A Dangerous Effort to Undermine the Work of the Congressional Budget Office
For Immediate Release
When the House of Representatives considers the so-called appropriations “minibus” for fiscal year 2018, which includes funding for the legislative branch, it will consider two amendments targeting the Congressional Budget Office (CBO). The first amendment, offered by Representative Morgan Griffith (R-VA), would eliminate CBO’s Budget Analysis Division, which produces hundreds of cost estimates of legislation considered by Congress every year. The second amendment, offered by Representative Scott Perry (R-PA), would cut funding for CBO by more than half, from $48.5 million to $23 million. These amendments follow several comments by policymakers harshly criticizing CBO and questioning its role as an independent scorekeeper for legislation.

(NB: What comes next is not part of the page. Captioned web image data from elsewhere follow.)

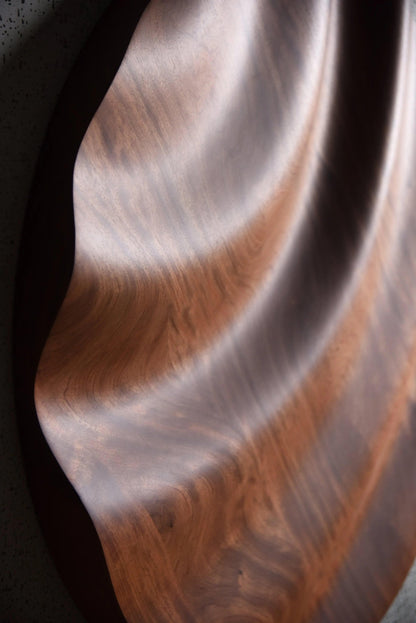 Macro angle of circular wave lines in bubinga, blending scandi interior calm and boho chic interior flair in finely etched wood patterns.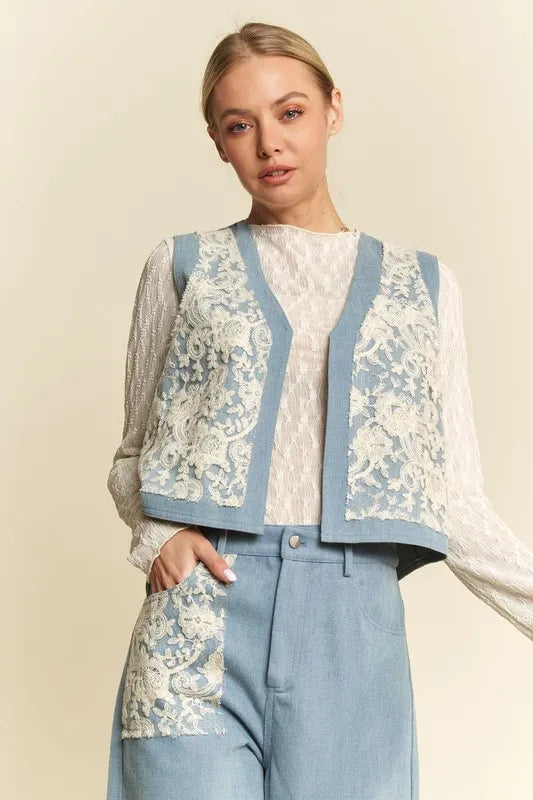 Light wash Davi & Dani lace patch open front denim vest with distressed details, casual sleeveless outerwear for a trendy look.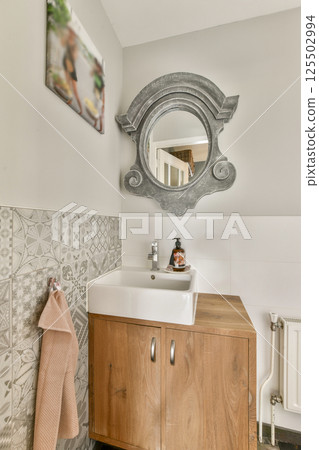 A contemporary bathroom featuring a sleek wooden cabinet and a decorative mirror. The design is minimalistic, combining functionality with elegance. 125502994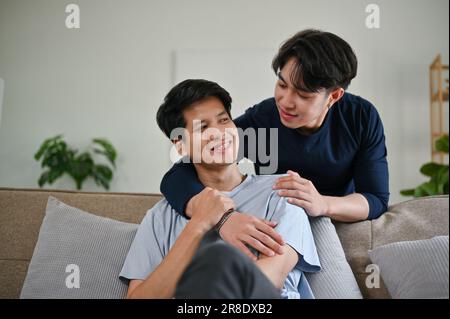 Happy and carefree young Asian male gay couple hugging each other while relaxing in the living room together. LGBTQ+, homosexual, gay couple Stock Photo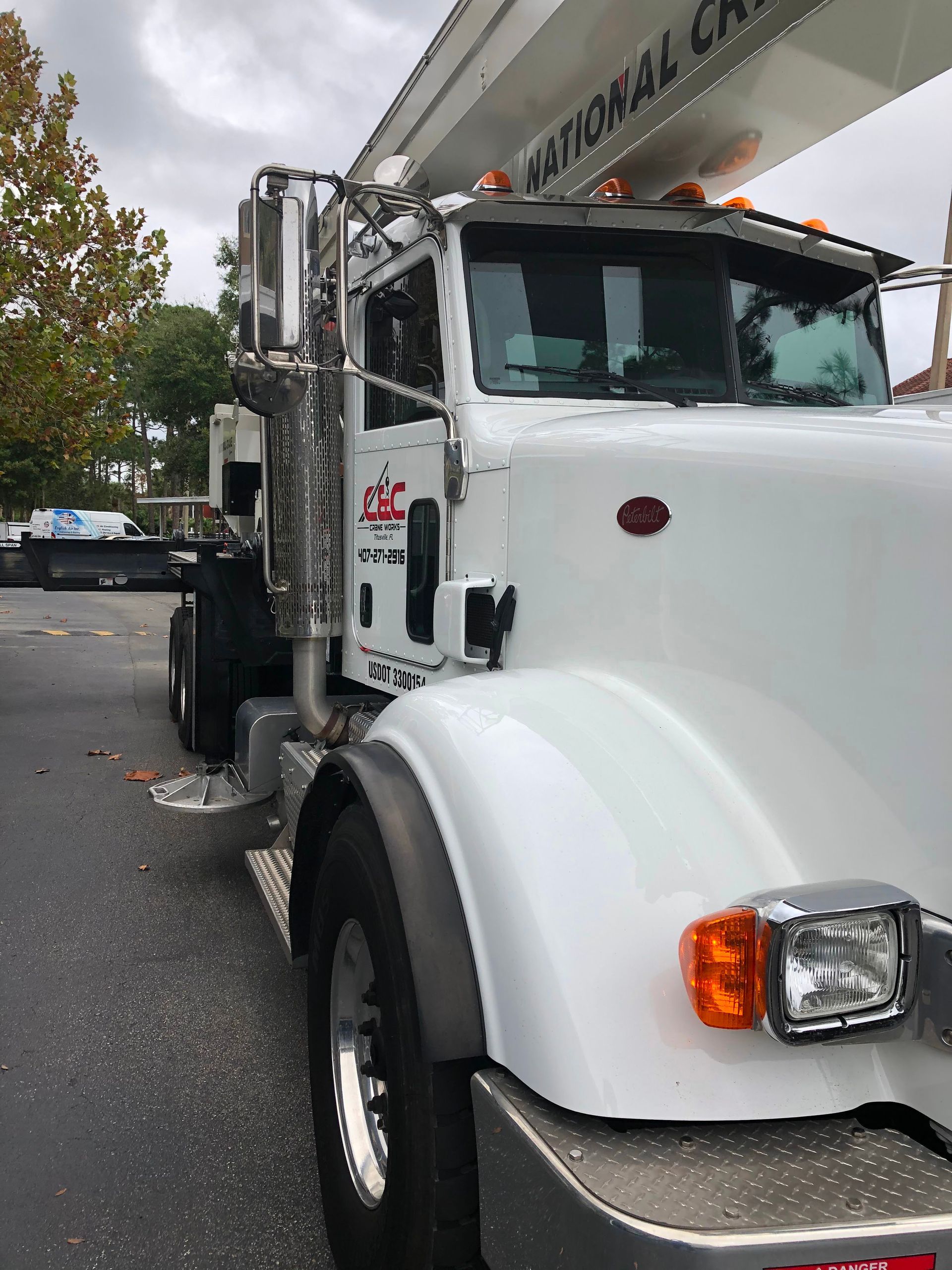 White utility bucket truck parked on a wet street, front view with extended boom arm.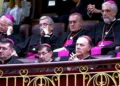 A member of the clergy appears to nod off during the Pope’s speech in the Congress of Deputies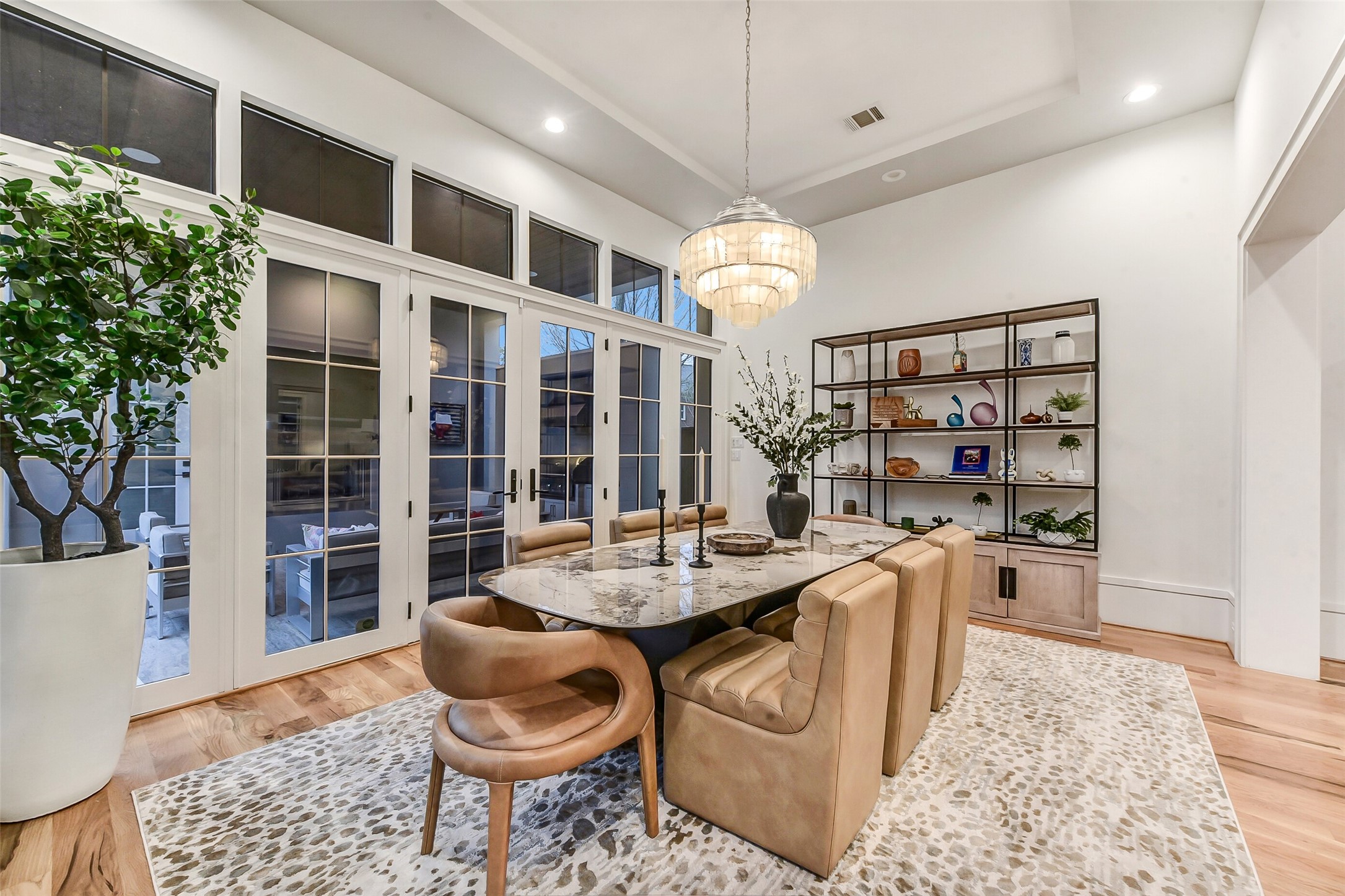 2205 Goldsmith Street Houston, TX 77030 - Photo 5 of 44 a dining room with wooden floor and chandelier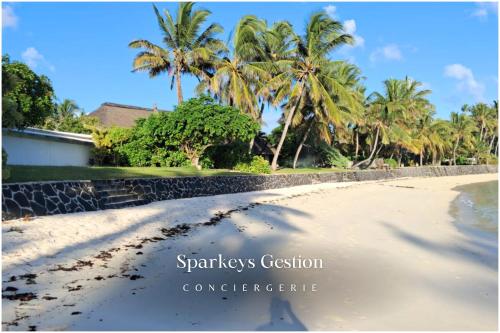 a pile of sand on a beach with palm trees at SG14 Villa Seabreeze - seaside - lagoon view in Post of Flacq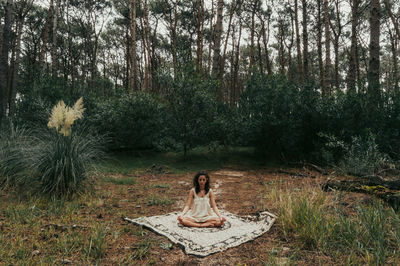 Woman relaxing in forest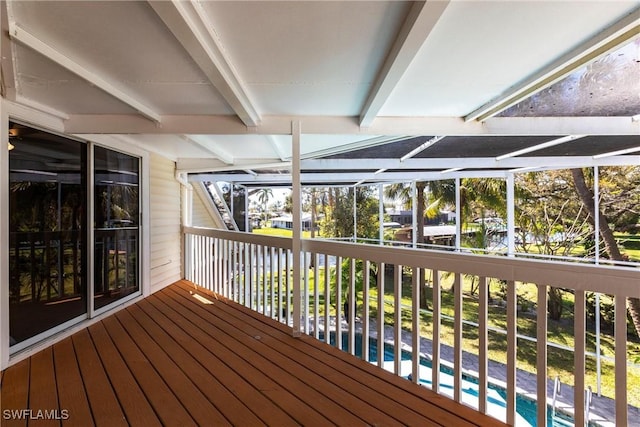 wooden terrace featuring glass enclosure and an outdoor pool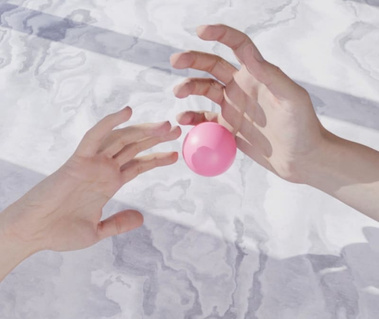 CGI image of two hands playing with pink ball against a marble background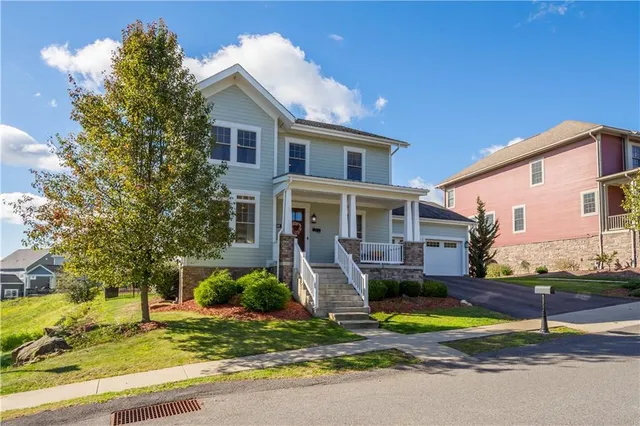 a front view of house with yard and green space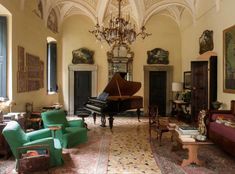 a living room filled with furniture and a grand piano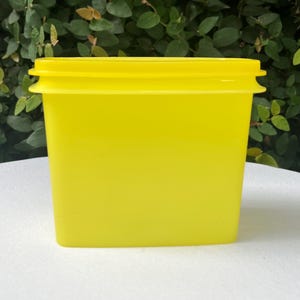 May include: A bright yellow, square-shaped container with a matching lid. The container is made of a solid, opaque material and sits on a white surface. The background features green foliage.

Committee for a Responsible Federal Budget president Maya MacGuineas issued the following statement:
The Congressional Budget Office serves an invaluable function providing Congress with solid, nonpartisan analysis of the costs and tradeoffs of thousands of different proposed policies. While estimates of complex legislation are inherently uncertain and no estimates will be perfect, the estimates produced by CBO are based on objective analysis of evidence and data without regard to partisan interests.
CBO does not make judgements regarding the merits of legislation; it provides information regarding the costs and effects of legislation so lawmakers can make informed decisions. Without CBO, lawmakers would be flying blind on major legislation affecting hundreds of millions of Americans and costing hundreds of billions of dollars.
Recently, there has been an aggressive effort to undermine the work of CBO, and these two amendments would remove critical resources from the agency. This is a disappointing and dangerous effort. If lawmakers have suggestions for how CBO should improve its work, they should make them constructively instead of attempting to bully it into submission with threats to gut the agency.
You don’t beat up the referee just because you don’t like the score.